PWCW: Obviously you take photographs, but is capturing or visually recreating these emotional exchanges simply the ability to take a good picture of someone?
JS: Well you know there are emotional exchanges that are so powerful that they stick in your mind and fortunately I’m also very good about keeping a journal. I make notes to myself about people and perhaps not their expressions but the mood and it’s the mood I’m trying to recreate.
PWCW: Is there a generation of young Palestinians that just wants to get out; that have just kind of given up on whether they can survive?
Joe Sacco |
JS: Yes I think there are people like that I think among the younger people. There are no opportunities; there are almost no options at all; they are really backed into a corner. Individuals who have nothing to do with any violence are just backed into a corner. If I actually try to put myself in their shoes I just I wouldn’t know what to do, frankly.
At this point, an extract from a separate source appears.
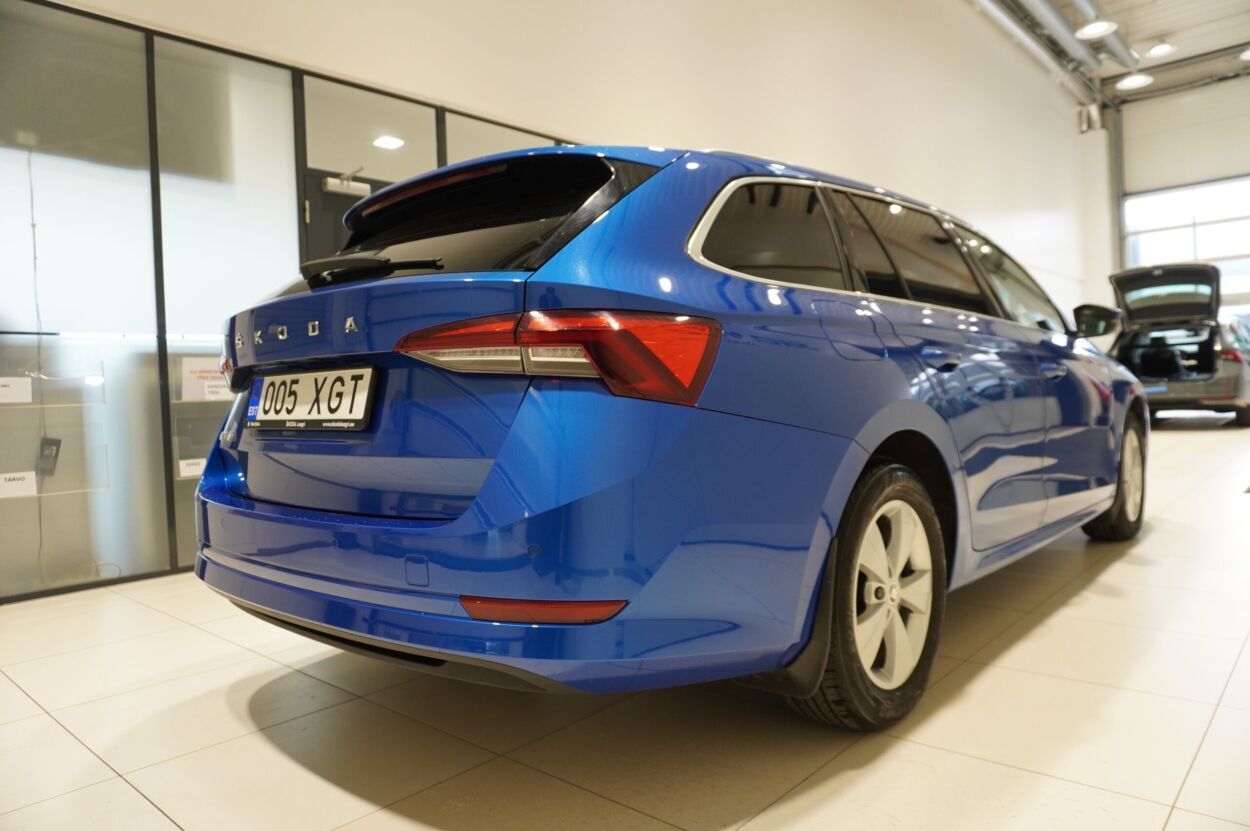 Škoda Octavia 2022, kuva 3/10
PWCW: I think westerners very often want to know about the range of discussion among the Palestinians about their leadership and about their situation. There is a section in the book I think where Palestinians themselves are being critical of the strategies of their leadership and of Hamas. Is that kind of dialogue typical?
JS: Yes very typical. If you get to know people well enough of course they talk about it. I mean all agree that they’re oppressed by the Israeli government. You find people who are gleeful at a suicide bombing and you find people who just shake their heads and think, well you know this is not only the killing of innocent people but it has sort of no purpose at all and it doesn’t even advance the national goal at all. In fact it probably hinders it. They’re very critical of their own leadership. I wanted to show this is not some monolithic group of people we’re talking about. There are a lot of things going on and that’s something I wanted to present.
PWCW: Now that this book is done and out what are working on now or is it too soon to be tossing that question at you?
JS: No, no. I’m working on a of couple things at the moment. On my desk are illustrations of Camden, New Jersey, for a Harpers magazine article written by Chris Hedges. The other thing I’m working on is a story for a comic for the Virginia Quarterly Review. It’s quite a long story about African migrants trying to get to Europe. They’re crossing the Sahara and then getting on these boats and trying to make it to [Europe] and a lot end up in Malta, where I’m from. So I wanted to see how the Maltese are dealing with it and what’s going on with the migrants there and what the migrants think of how the Maltese are reacting to them. I’m half way through with that and I think that will be split between two issues since it’s a 48 page story.
PWCW: What’s your reaction to the state of comics journalism these days; that is using comics as a tool of journalism and in this case history?
JS: I think comics have a sort of a history of doing history relatively well. I’d like to see more of it and I know that there are some people like Josh Neufeld who did a book about Katrina [and New Orleans] and I know there are a number of European cartoonists who have been doing journalism in comics form. The medium is still very fresh and it’s still sort of a new car and there are many ways you can drive the new car. You can’t look at comics and say everything has been done in comics. I think we’re still in the medium’s infancy. Some great work is being done but clearly there’s a lot of fresh ground to trample.